Atera’s design, says Parts and Labor principal Andrew Cohen, is a subtle yet meticulous “interpretation of Matt’s approach to cooking.” Just as the chef’s tasting menus embrace unexpected, freshly foraged ingredients, the restaurant itself begs to be discovered through the handcrafted pieces on display and each modern industrial detail.

“We wanted a natural materiality [to reflect this seasonality] but not something that suggested a traditional farm-to- table experience,” says Cohen, who oversaw the project with partner Jeremy Levitt.
To successfully re-imagine the space and mesh with Lightner’s vision, Cohen and Levitt redesigned the entire restaurant-save for those rich walnut walls. “We liked how clean they were so we added more,” Cohen points out.

There are only 18 seats at Atera, yet the duo amplified the restaurant’s challenging volume through contrast. “Objects are composed in a way that doesn’t take away from the food but only enhances it,” says Çohen.
For example, an all-brass chandelier greets guests in the vestibule entry while a barn wood ceiling provides a backdrop of nuanced rusticity to the white porcelain pendant lights with gold-leaf interiors hanging from tree-like armatures inside.
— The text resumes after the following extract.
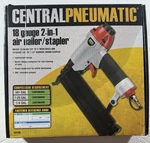 Central Pneumatic 18 Gauge 2-IN-1 Air Nailer/stapler Gun (63156)-NAILS&STAPLES. Fixed Price $35.99.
At the bar blue leather stools play off slate roof tiles in the open kitchen, and the bar top, made of “super sanded, hand-poured concrete is just as soft as wood.” Says Cohen, “We wanted all these pieces to play together. The glass plays with the porcelain and the porcelain plays with the wood and they all have symbiotic relationships.”
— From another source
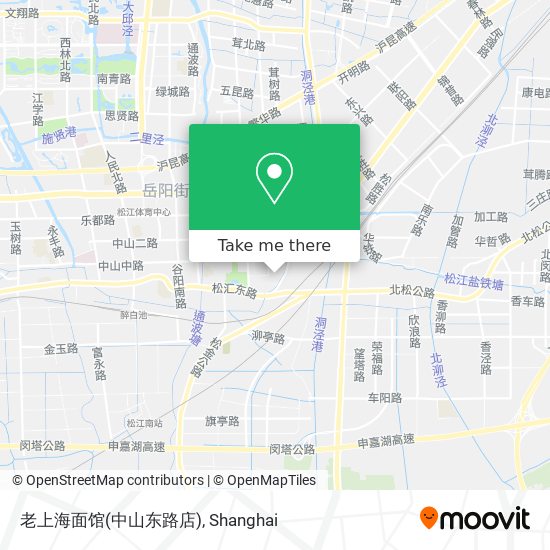 老上海面馆(中山东路店) map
If there is one element that best underscores the interplay between Lightner’s visually striking food and Parts and Labor’s design it is the sensory plant wall, a transporting mélange of herbs and spices such as rosemary, sage, mint, nutmeg, and lemongrass suspended above a nine-foot communal table. Concealed by frosted windows and forest-like tree planters, this sanctuary might as well be private dining.